From Elizabethan times, the Crown insisted that the validity of prizes and their value had to be determined by royal courts, and that it should retain a portion of their value. In some cases, an English ship failing to bring a prize for adjudication was confiscated. Beyond this, it was left to the discretion of the Crown, guided by custom, as to what should be allocated to those taking prizes, and how that prize money should be allocated between the owners, the officers and the crew. Generally, the Crown retained one-tenth of the value of prizes captured by privateers. By ancient custom, the common seamen, but not the officers, of navy vessels had the right of ‘’free pillage’’, the seizure of the enemy crew's personal possessions and any goods not stored in the hold. The Commonwealth attempted to forbid the custom of pillage in 1652, but this rule was impossible to enforce, and the right to pillage was given statutory force after The Restoration.

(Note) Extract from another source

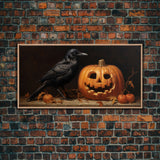 Spooky Crow Print, The Raven and The Jack O Lantern, Halloween Wall Art, Victorian Oil Painting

Some rewards that were previously customary or discretionary for privateers became entitlements 1643, when an ordinance passed by the Commonwealth parliament allowed them to retain any ships and goods captured after adjudication in an Admiralty Court and payment of one-tenth of the value of the prize and customs duties on any goods. A further ordinance of 1649 relating to naval ships, which applied during the First Anglo-Dutch War, entitled seamen and subordinate officers to half the value of a captured enemy warship and Gun money of between 10 and 20 pounds for every gun on an enemy warship that was sunk, and one third of the value of a captured enemy merchant ship. If a captured enemy warship were repairable at reasonable cost and suitable to add to the English fleet, the Crown might but bought it. However, until 1708, the purchase price was fixed by the Admiralty, whose agents were suspected of valuing them cheaply or inflating the cost of repairs. The 1643 ordinance also introduced two new measures: that part of the money not allocated to the ship's crew would go to the sick and wounded, and that English ships recaptured from an enemy were to be returned to their owner on payment of one-eighth of their value to the ship recapturing them. A further ordinance of 1650 applied these prize money rules to the capture of pirate ships.
The provisions of 1643, 1649 and 1650 on the distribution of prize money were repeated after The Restoration in an act of 1661, which also expressly allowed the custom of pillage, and allowed the Lord Admiral discretion over any money or goods not allocated to the crews. The right of disposing of captured prizes and pre-emption in acquiring their goods was also retained by the Lord Admiral.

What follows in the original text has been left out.